■ **Material for this task**:
┄┄┄┄┄┄┄┄┄┄┄┄┄┄┄┄┄┄┄┄

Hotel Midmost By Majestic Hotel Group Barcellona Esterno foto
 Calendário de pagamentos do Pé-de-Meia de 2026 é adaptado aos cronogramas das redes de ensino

┄┄┄┄┄┄┄┄┄┄┄┄┄┄┄┄┄┄┄┄

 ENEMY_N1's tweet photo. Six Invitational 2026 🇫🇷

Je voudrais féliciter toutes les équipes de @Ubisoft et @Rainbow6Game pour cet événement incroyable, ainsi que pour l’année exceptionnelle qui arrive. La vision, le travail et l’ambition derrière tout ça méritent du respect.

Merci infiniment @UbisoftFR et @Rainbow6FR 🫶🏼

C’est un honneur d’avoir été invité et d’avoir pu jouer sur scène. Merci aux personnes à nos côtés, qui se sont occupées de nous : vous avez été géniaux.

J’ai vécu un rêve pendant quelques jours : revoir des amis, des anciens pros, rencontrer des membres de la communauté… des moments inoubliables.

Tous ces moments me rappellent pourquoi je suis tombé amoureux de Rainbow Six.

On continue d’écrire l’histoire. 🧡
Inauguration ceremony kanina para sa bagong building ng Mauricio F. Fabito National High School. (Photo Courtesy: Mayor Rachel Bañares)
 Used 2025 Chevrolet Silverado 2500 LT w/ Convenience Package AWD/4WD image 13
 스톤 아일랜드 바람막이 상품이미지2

┄┄┄┄┄┄┄┄┄┄┄┄┄┄┄┄┄┄┄┄

■ **Assignment**:
Going back over the entries above, copy word for word every line from the one that has "C’est un honneur" on through the one that has "스톤 아일랜드 바람막이 상품이미지2".

■ **Answer box**:
C’est un honneur d’avoir été invité et d’avoir pu jouer sur scène. Merci aux personnes à nos côtés, qui se sont occupées de nous : vous avez été géniaux.

J’ai vécu un rêve pendant quelques jours : revoir des amis, des anciens pros, rencontrer des membres de la communauté… des moments inoubliables.

Tous ces moments me rappellent pourquoi je suis tombé amoureux de Rainbow Six.

On continue d’écrire l’histoire. 🧡
Inauguration ceremony kanina para sa bagong building ng Mauricio F. Fabito National High School. (Photo Courtesy: Mayor Rachel Bañares)
 Used 2025 Chevrolet Silverado 2500 LT w/ Convenience Package AWD/4WD image 13
 스톤 아일랜드 바람막이 상품이미지2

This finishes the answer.